━━━ PROVIDED MATERIAL ━━━
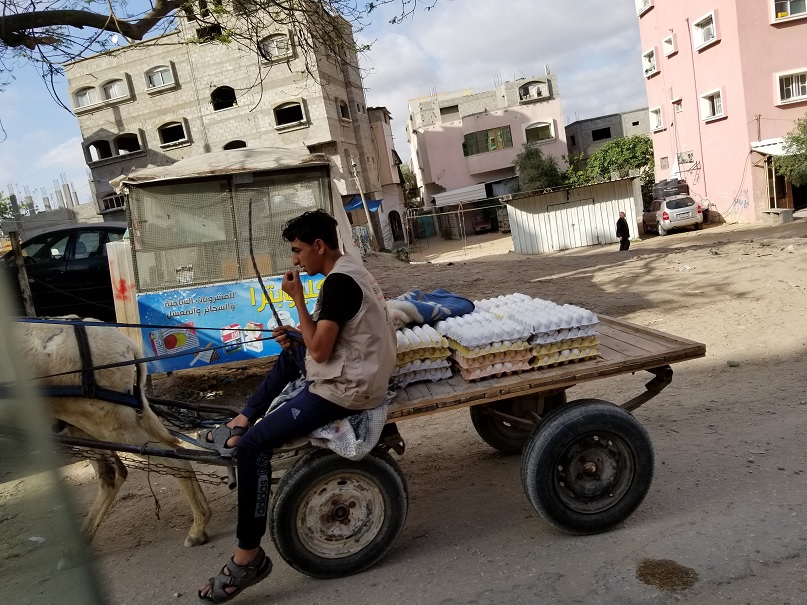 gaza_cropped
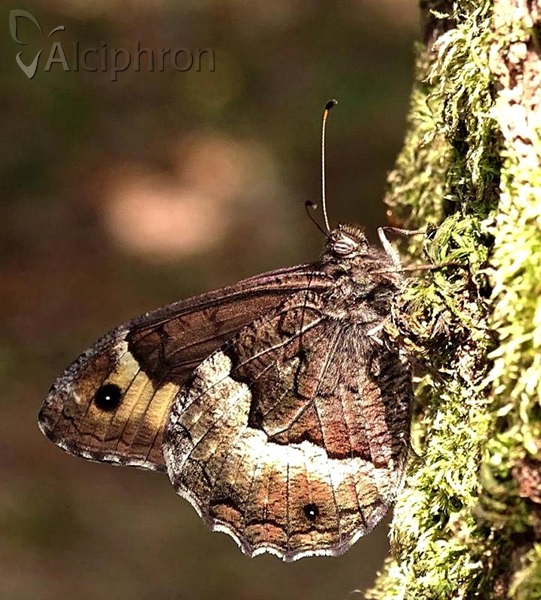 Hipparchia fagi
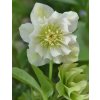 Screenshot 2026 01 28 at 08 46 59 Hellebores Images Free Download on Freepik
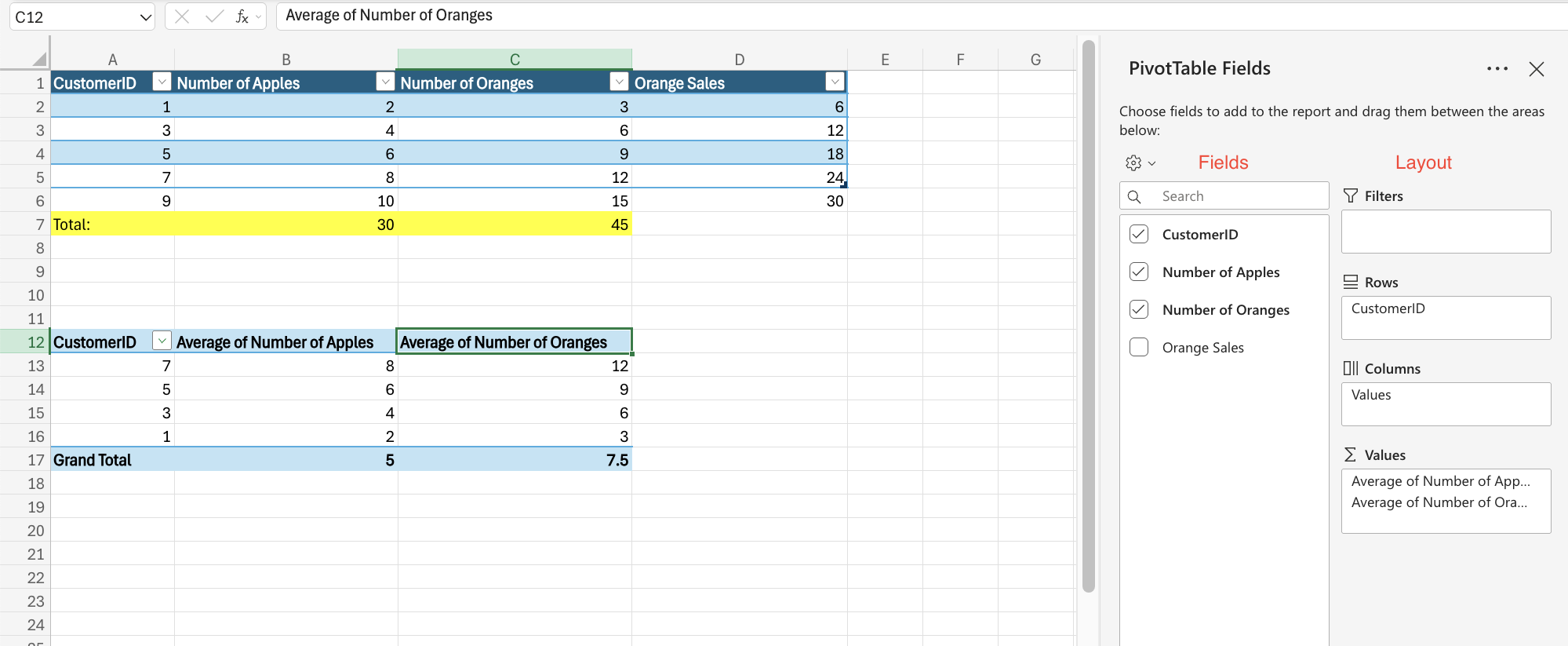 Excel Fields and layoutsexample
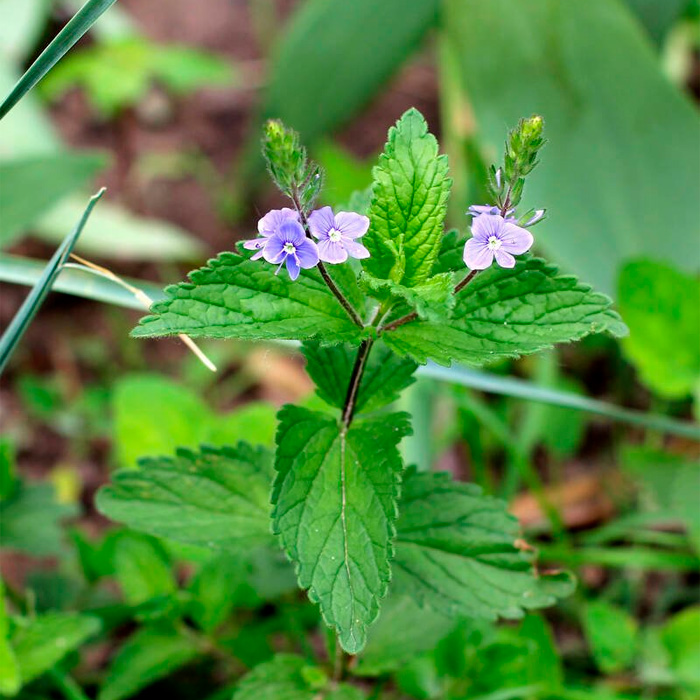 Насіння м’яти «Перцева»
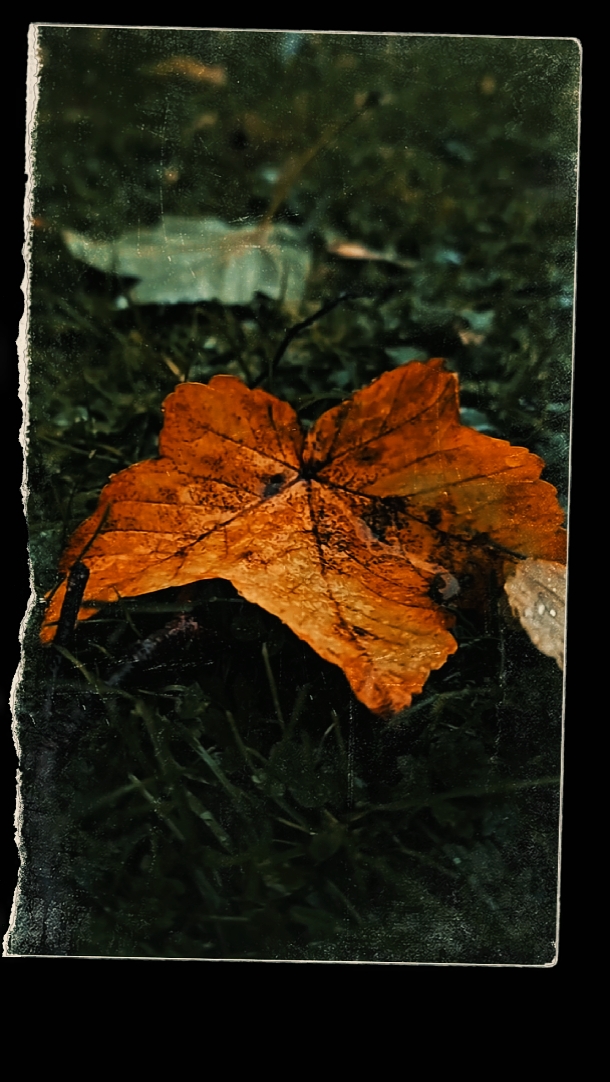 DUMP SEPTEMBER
━━━
TASK
For this exercise, please reproduce the records above exactly and drop the images.

WRITTEN RESPONSE
 gaza_cropped
 Hipparchia fagi
 Screenshot 2026 01 28 at 08 46 59 Hellebores Images Free Download on Freepik
 Excel Fields and layoutsexample
 Насіння м’яти «Перцева»
 DUMP SEPTEMBER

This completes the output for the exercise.